日経ESGの調査(2022年1月)によると、「SDGs」という言葉の認知率は86.0%に達した。「名探偵コナン」の認知度が74%、「坂本龍馬」の認知度が86%であることを考えると、改めてSDGsの認知度の高さが理解できる。
その一方で、GREEN NOTによるインターネット調査によると、「SDGs ウォッシュを知らない」と回答した人はわずか12%にとどまり、消費者のほとんどが、「SDGs」と「SDGsウォッシュ」を同時に認知していることが分かる。
企業がSDGsに取り組めば、同時にその取り組みが「ウォッシュ」かどうかのチェックを受けていることになりそうだ。
こんな話をするとSDGSウォッシュをリスクと感じ、実施することで指摘を受けるのではと取り組むこと自体にブレーキがかかったり、社内の慎重派がリスク管理の視点で「今は発信すべきではない」「少し様子を見よう」などと先送りされたりする。
まるでSDGsウォッシュがいけないものかのように取り扱われる。SDGsの取り組み自体が新しいことへの挑戦であるはずなのに、サステナ担当者は「ウォッシュになるな」との「くびき」をかけられる。そのため現場はますます委縮していき、思い切った活動ができなくなり、当たり障りのない内容に終わってしまう。
SDGsウォッシュに対する社会からの指摘は、リスクではなく、企業がよりよく成長するための社会からの機会提供であり、フィードバックと捉えるべきだろう。視点を変えれば、もっとこうして欲しいという応援のメッセージとして受けることもできよう。
誰でも最初は、何から始めてよいか分からない。ウソの仕組みを作り、わざわざアピールしようとは、考えていないはずだ。
無知なことから「これならSDGsに当てはまるかもしれない」という独自の判断や、これは環境に良い活動に違いないと取り組んだ結果が、ウォッシュになっていることがほとんどではないだろうか。

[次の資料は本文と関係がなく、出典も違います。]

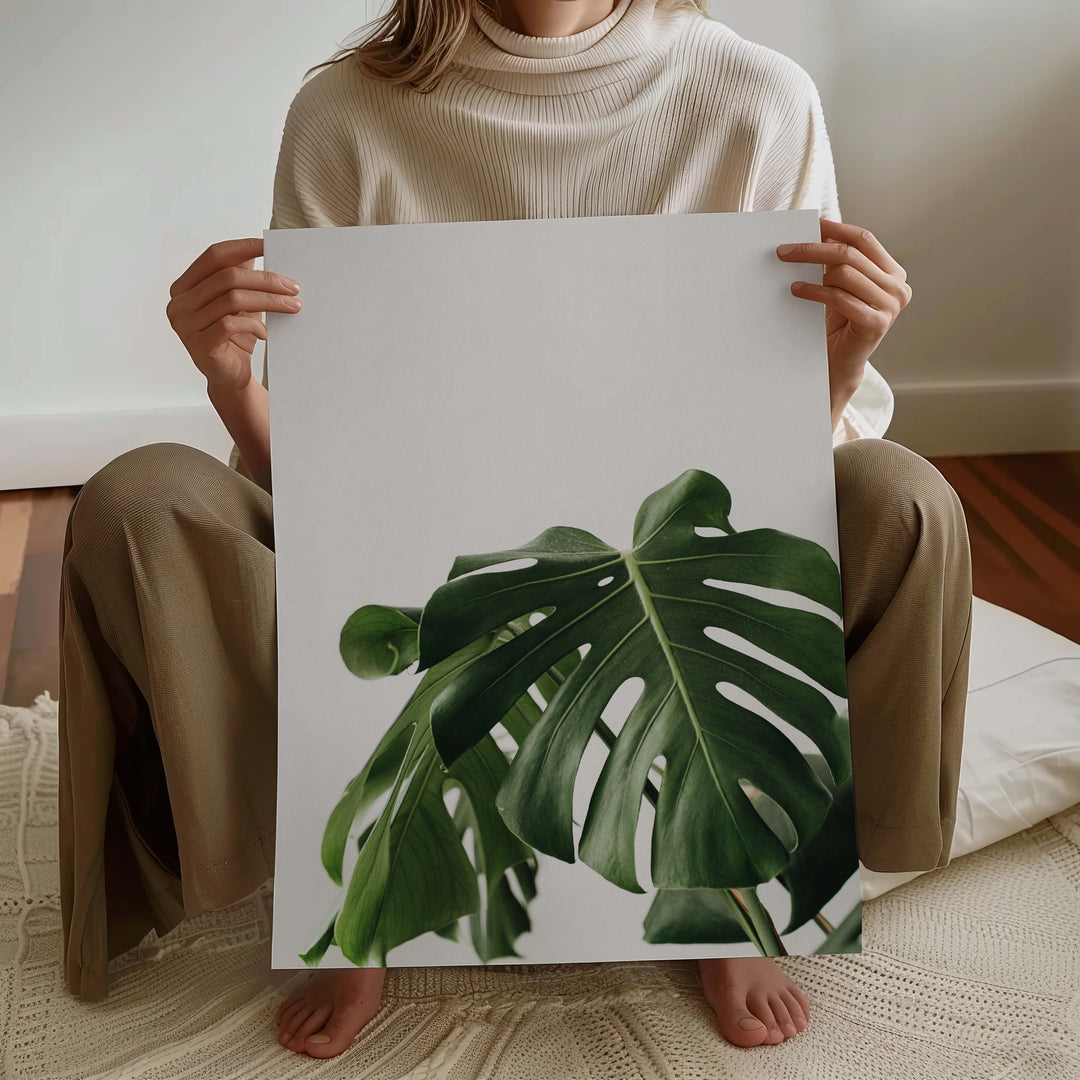Monstera Leaf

企業にとってサステナ推進やSDGsに取り組むうえでウォッシュと向き合うために必要なことは、下記の通り、3つあると考える。
1.「透明性」
自社の取り組みを適切に開示し続けること。都合の良い情報だけを出すのではなく、自社の取り組みの弱いところや課題も開示することが、かえって読者から信頼を得るのに役立つ
2. 「聴く力」と「改める力」
「SDGsウォッシュだ」の指摘があった場合、それを真摯に受け入れる姿勢を持ち続けること。指摘を「社会からのフィードバック」だと受け止め、至らない点を修正して改善し続けること。
3. 「連携力」
企業単独でサステナブルやSDGsに関する活動を推進するのではなく、専門的な知識を持ち、課題の当事者の声を知るNGO/NPOや大学、行政などと連携して進めること。

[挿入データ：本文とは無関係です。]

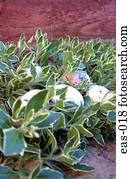ovos páscoa, em, plantas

SDGsバースデーケーキモデルの頂点であるイチゴの位置、そして中心を貫くようにに「目標17パートナーシップで目標を達成しよう」が置かれているのも、連携することの重要性を示していると解釈できる。
まずは、実際の社会や地域に目を向けステークホルダーエンゲージメントについて見直し、対話の場を作り、信頼関係を築いて、連携を構築しながら活動を推進することを勧めたい。